The person who arrived was a different person from the one I had known. Instantly, she changed. She no longer talked of needing me or of love. She was not a sweet friend and warm lover; she was a polite businesswoman ready to get to work. To work on setting herself up for citizenship and making money. She contributed no money to our marriage. She asked for money, pressured me for money, but would not take a job. Not if she couldn't send all of the money back to Morocco. She set herself up nicely in my apartment. She had her own room, which she didn't like me to go into. She had me give her many thousands of dollars to wire to her family. Her father bought a stockpile of things to sell. Her family went on a vacation to the coast. Two of her sisters got mobile phones. Her bother got a bicycle. She kept sending money and called them nearly every day. She got nice clothes, a nice computer, a new bike. I took her on trips to several places including Hawaii, New York, and Alaska. She never cooked for me. She had her own room. She refused to risk her virginity with me, her husband. She refused to sleep in the same bed with me even once in nineteen months of marriage. I often bought her gifts and she didn’t buy me a gift even once, not since stepping off the plane, although she was always asking me to pay for gifts she could send her friends and her family (which I did buy for her). I was held hostage. She kept telling me things were fine and the marriage was fine. She asked me what my problem was to be so untrusting and worried. When I got really discouraged and started thinking about divorce, she threatened me with kitchen knives and said if I gave her a problem, she would give me a problem.

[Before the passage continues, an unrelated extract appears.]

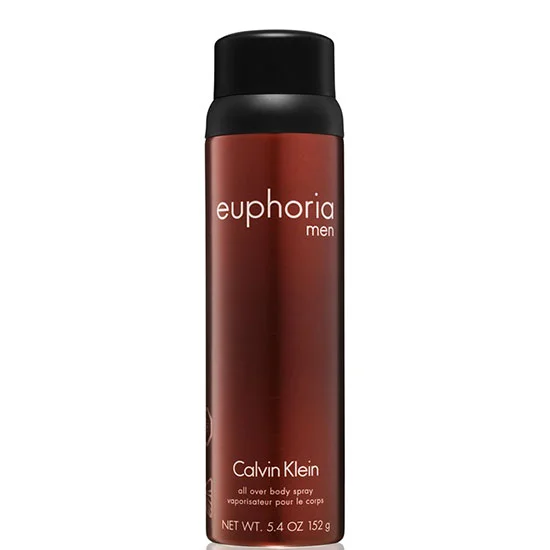 Calvin Klein EUPHORIA за мъже дезодорант 160 мл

"I love you, but I don't trust you," I told her once. She answered: "That is your sickness, that you are so suspicious."

Then, nineteen months after she arrived, just a couple weeks after meeting all the requirements for her conditional Green Card (this was her first chance to create an “incident” and leave the marriage without having to go back to Morocco), just after I caught up on all my taxes so my finances wouldn't cause her any complications, just after she completed her digital printing studies at City College and could get a good job, just as all these things were in alignment she smashed dishes in the kitchen, broke the window of the back door with her fist, called the police and said I had done it, and had me arrested. She told her friends I had offended Islam. She told the police I had pushed her. She was given two restraining orders against me. I couldn't return to my apartment for seven weeks (I lived in the flooded back storage room of my bookstore), the legal problems have cost me thousands of dollars, and she hasn't said one word to me in a year and a half. The courts had me send her monthly payments for over one year (sent to her lawyer).

I hear she is proud and confident about what she has done. She got everything she hoped for by marrying me.

I sometimes think I should go visit my aunt and ask her if she might refine her advice about trust for me.

But despite everything, despite this season in hell, I know my Aunt Anna is right.

When I can detach myself from all the frustration, the disbelief, and the pain, when I "peer over the fence" and think of how far Khadija has come, how happy she is, and how well she is doing, I catch myself feeling happy for her.